The data
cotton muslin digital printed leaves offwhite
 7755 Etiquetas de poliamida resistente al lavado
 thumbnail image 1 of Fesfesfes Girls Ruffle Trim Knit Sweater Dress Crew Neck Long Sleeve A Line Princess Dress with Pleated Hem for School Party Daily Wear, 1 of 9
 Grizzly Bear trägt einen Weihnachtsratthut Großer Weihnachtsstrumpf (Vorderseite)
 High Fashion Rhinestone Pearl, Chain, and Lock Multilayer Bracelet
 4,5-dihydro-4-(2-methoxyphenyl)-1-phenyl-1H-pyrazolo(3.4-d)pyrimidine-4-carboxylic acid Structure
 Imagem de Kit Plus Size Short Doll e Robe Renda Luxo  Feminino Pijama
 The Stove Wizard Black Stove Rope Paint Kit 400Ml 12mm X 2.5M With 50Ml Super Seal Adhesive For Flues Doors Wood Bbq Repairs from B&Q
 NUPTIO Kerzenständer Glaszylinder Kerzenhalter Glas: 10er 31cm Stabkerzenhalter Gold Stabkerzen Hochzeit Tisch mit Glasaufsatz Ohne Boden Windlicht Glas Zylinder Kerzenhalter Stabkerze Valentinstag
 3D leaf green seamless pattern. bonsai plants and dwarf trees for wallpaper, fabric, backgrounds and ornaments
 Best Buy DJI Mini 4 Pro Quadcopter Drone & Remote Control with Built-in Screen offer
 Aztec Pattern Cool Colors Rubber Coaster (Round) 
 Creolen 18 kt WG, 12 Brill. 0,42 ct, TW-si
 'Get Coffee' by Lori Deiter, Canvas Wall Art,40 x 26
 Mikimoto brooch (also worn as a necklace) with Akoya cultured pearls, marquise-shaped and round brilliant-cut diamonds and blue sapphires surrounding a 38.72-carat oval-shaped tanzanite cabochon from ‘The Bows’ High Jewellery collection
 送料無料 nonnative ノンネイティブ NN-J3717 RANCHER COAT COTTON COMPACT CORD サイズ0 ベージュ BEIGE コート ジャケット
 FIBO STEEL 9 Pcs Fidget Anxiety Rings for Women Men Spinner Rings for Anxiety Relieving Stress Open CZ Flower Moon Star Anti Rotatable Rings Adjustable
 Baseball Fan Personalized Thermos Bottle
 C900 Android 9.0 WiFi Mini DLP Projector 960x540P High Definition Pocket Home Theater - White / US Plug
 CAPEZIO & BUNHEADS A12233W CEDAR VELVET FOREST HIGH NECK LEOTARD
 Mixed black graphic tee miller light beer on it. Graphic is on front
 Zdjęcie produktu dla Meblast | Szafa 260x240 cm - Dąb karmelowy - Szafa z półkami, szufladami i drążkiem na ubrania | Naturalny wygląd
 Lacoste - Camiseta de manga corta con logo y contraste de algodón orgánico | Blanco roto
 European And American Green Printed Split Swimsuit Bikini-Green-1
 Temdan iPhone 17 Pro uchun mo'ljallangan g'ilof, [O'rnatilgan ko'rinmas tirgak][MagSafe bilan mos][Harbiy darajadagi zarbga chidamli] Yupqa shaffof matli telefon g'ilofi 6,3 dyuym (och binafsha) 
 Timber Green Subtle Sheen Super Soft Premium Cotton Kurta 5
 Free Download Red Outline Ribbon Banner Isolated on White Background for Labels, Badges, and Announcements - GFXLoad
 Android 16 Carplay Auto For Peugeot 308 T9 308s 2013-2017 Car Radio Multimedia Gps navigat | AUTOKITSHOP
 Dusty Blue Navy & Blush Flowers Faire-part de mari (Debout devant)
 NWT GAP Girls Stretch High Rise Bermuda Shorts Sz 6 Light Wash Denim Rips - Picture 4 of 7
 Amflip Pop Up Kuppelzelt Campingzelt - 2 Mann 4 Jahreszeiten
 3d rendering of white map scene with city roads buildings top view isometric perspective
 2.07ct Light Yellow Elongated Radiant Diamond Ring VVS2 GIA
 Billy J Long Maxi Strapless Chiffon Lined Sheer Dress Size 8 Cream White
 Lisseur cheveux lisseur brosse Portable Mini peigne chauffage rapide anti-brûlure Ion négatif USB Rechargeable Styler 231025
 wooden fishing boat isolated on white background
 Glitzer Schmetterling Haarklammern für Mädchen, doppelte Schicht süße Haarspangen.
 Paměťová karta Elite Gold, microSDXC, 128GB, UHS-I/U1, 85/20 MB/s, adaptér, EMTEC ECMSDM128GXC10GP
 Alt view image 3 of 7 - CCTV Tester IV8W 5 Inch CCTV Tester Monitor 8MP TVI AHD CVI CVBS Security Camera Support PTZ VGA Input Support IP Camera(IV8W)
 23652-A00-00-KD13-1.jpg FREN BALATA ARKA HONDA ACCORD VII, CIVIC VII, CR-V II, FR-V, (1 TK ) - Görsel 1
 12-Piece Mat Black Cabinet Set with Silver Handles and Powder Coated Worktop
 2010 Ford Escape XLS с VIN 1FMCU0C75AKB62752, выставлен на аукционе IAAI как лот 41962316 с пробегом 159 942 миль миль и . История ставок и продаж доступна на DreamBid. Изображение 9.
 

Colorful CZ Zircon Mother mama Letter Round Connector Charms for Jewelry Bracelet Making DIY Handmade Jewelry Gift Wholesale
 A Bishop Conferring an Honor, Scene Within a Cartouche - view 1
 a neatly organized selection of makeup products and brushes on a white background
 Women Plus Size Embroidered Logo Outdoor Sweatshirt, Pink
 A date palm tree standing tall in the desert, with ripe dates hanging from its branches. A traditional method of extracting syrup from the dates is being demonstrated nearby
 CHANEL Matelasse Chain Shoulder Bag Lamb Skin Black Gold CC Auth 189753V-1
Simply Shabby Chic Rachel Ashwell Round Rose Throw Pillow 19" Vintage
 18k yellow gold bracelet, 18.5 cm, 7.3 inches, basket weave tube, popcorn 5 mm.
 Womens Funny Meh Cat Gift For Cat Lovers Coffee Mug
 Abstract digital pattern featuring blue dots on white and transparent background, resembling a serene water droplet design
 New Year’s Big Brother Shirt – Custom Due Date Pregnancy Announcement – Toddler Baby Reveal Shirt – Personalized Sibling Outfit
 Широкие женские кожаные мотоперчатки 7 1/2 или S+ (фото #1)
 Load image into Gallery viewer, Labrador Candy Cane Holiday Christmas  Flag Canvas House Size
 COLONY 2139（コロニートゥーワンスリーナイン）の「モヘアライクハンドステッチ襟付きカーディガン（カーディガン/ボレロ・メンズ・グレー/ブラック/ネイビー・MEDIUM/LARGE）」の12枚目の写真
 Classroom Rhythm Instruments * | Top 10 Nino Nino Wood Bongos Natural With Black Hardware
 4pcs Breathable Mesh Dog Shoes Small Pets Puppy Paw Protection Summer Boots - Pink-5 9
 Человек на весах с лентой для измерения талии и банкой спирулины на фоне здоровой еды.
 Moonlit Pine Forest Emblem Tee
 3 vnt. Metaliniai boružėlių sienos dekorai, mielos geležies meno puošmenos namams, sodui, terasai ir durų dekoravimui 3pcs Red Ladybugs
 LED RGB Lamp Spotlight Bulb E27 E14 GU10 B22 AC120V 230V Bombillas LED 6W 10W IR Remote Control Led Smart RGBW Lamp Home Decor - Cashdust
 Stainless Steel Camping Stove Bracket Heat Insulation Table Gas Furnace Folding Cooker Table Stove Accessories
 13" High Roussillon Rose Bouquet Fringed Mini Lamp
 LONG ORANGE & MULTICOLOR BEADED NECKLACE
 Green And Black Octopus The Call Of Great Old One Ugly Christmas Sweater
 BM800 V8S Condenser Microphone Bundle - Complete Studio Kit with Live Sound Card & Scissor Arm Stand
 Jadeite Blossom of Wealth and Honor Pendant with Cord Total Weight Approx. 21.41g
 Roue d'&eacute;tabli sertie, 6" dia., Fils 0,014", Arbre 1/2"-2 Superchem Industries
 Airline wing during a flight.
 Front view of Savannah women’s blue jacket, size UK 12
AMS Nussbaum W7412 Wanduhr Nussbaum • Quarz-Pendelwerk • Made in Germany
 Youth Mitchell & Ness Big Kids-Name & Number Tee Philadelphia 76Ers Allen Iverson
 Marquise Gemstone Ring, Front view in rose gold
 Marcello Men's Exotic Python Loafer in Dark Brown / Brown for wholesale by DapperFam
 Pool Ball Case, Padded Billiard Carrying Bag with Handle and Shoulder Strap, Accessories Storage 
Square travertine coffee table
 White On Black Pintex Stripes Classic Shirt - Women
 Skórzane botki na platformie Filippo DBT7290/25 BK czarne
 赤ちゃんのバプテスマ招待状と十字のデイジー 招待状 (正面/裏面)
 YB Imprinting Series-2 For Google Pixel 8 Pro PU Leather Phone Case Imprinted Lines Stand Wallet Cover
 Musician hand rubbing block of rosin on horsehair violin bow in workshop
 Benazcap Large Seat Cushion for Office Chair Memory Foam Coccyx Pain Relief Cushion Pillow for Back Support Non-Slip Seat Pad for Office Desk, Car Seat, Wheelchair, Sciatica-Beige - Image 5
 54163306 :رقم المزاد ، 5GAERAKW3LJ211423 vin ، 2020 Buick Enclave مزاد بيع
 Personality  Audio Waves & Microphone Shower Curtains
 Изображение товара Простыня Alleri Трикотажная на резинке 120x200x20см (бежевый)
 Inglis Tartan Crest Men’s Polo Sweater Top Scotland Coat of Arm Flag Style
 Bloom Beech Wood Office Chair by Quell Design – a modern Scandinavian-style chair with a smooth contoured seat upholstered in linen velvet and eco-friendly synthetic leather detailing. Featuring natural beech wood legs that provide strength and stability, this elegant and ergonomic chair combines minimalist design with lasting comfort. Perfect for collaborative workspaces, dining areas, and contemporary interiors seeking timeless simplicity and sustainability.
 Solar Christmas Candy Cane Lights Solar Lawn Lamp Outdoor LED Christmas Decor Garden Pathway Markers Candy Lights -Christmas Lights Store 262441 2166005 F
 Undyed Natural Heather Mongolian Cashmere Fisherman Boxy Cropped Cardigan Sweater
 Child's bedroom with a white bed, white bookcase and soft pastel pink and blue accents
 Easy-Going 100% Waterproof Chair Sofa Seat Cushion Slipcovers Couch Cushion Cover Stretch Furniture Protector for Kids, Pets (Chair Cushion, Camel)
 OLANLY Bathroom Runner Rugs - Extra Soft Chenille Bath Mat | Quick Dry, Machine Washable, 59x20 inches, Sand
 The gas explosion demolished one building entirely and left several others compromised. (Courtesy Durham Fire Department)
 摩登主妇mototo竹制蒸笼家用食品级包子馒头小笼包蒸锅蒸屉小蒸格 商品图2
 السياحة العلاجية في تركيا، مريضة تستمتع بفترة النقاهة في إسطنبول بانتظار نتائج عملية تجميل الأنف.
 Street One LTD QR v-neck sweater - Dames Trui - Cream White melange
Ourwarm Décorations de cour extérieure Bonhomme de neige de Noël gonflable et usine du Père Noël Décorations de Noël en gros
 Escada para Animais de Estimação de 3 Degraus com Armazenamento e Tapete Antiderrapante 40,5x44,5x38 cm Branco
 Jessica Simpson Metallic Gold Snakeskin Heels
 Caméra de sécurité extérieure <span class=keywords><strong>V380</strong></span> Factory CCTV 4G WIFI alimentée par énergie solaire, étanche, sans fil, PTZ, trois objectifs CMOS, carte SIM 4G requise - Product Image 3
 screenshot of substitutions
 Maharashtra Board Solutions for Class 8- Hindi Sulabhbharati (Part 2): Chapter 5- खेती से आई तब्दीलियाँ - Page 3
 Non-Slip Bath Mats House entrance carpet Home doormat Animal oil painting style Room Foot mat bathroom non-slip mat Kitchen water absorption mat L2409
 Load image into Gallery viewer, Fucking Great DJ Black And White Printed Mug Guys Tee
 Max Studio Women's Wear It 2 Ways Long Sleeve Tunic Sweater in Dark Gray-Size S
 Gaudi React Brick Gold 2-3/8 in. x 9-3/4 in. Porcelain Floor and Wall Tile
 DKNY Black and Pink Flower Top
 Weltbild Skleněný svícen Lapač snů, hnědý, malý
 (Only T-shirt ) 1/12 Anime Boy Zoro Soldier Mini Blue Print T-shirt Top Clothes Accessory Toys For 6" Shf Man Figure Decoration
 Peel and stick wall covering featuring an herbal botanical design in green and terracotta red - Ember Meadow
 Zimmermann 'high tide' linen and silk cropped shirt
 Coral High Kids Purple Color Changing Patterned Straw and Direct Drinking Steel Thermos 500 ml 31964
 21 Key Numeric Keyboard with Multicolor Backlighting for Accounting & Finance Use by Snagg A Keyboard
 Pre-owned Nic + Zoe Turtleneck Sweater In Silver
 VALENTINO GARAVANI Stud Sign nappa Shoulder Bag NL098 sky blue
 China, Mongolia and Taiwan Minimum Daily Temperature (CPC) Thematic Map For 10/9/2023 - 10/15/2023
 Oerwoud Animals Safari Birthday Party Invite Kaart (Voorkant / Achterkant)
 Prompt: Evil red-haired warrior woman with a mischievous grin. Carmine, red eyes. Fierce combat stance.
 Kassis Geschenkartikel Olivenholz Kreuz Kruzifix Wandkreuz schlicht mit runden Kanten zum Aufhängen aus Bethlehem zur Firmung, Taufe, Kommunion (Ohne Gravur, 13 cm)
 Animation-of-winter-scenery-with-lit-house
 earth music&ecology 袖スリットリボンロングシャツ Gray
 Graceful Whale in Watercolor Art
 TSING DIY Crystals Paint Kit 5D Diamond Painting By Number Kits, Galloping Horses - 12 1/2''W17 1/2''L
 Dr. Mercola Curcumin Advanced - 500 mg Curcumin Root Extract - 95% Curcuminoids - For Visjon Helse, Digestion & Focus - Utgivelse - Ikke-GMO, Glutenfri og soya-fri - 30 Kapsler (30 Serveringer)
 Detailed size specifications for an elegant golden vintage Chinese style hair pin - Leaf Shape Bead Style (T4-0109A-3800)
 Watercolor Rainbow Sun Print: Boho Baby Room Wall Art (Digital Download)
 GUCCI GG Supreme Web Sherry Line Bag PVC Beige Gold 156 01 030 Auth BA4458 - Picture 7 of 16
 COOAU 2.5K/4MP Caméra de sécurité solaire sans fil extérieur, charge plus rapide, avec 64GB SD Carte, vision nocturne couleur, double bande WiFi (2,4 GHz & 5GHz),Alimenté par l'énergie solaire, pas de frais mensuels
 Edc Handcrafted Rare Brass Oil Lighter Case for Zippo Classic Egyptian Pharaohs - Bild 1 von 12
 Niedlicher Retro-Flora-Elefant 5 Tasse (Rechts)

Exercise goal
Go over the data above and copy every line that has the word "Bath" in it.

The completed task
 OLANLY Bathroom Runner Rugs - Extra Soft Chenille Bath Mat | Quick Dry, Machine Washable, 59x20 inches, Sand
 Non-Slip Bath Mats House entrance carpet Home doormat Animal oil painting style Room Foot mat bathroom non-slip mat Kitchen water absorption mat L2409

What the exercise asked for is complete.